3. Consumer Understanding
An error on the consumer side of things comes in with a lack of understanding how these real-time payments work. Consumer education is a highlighted must, as the world of fraud continues spinning around us. This can help with confusion and even misdirected payments. Paying from third-party sites to an unknown user for a product or service is obviously not recommended, so that’s why education can benefit users, because how many of them know that? In this fraud-infested climate, it’s important to prepare for the worst, but not fear every moving thing. Be smart. Financial Institutions are always doing their best to monitor and evaluate their fraud protection strategies, to make sure there are no gaps or emerging threats.
Mobile network operator data (MNO) can be leveraged to cross-check customers’ information, through their mobile carriers.
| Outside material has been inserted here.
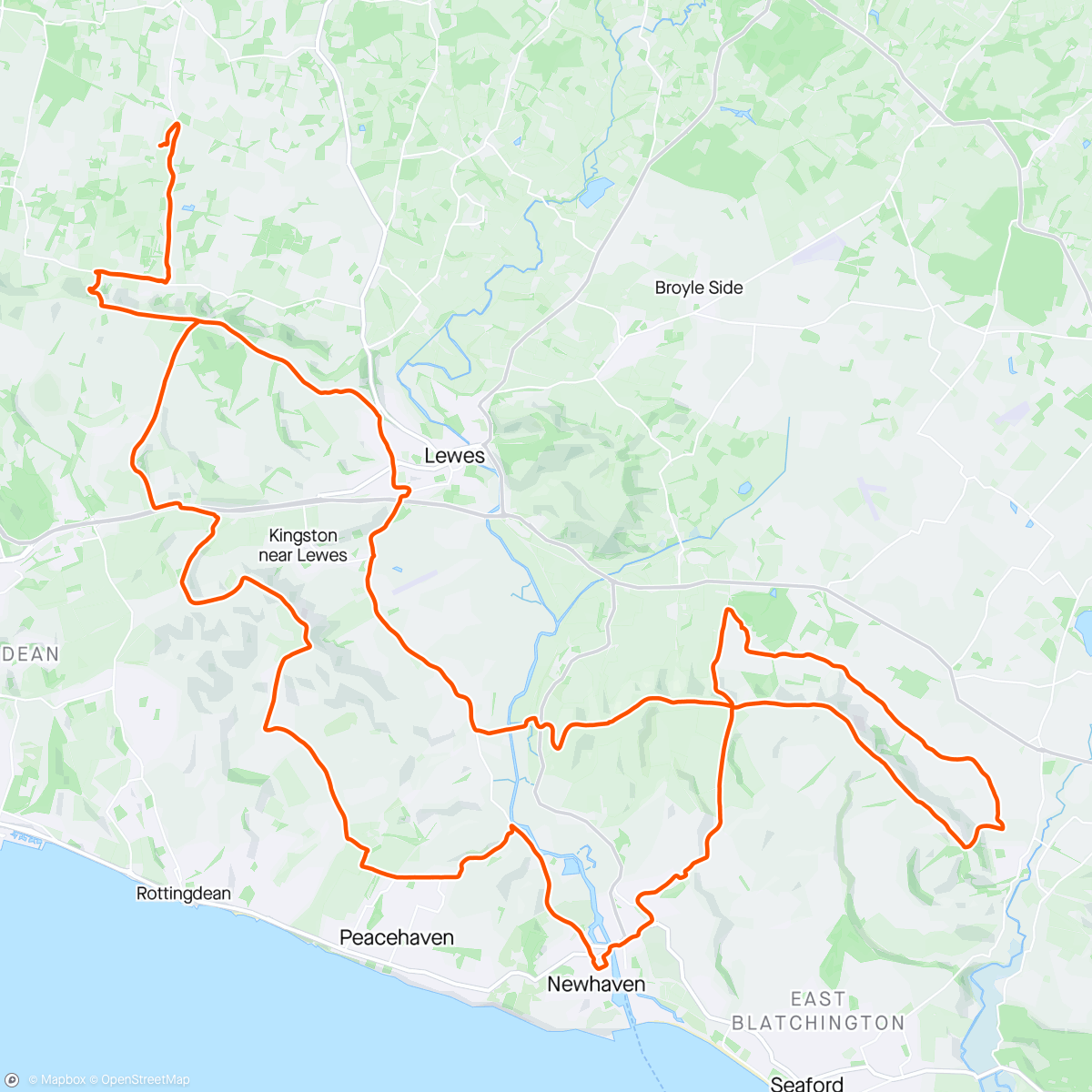 Map of the activity, South Downs Gravel MTB cracking route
This can alert financial institutions as to whether a phone number or device has been ported to an account. Additionally, financial institutions can access the technology to bind a customer’s device through a unique identifier that can be recognized for future logins. If the identifier is not recognized, financial institutions can go about taking advanced authentication tactics to identify the potential fraudster. Device intelligence can also be integrated into a financial institution’s digital security suite to help identify the health of a device and if any malware or threats exist.
Real-time payments are going to continue picking up momentum, as time goes on. It’s so important to trust your financial institutions and their fraud prevention/protection strategies, to protect yourself from being negatively impacted by a fraudster or losing all of your funds to a masked identity.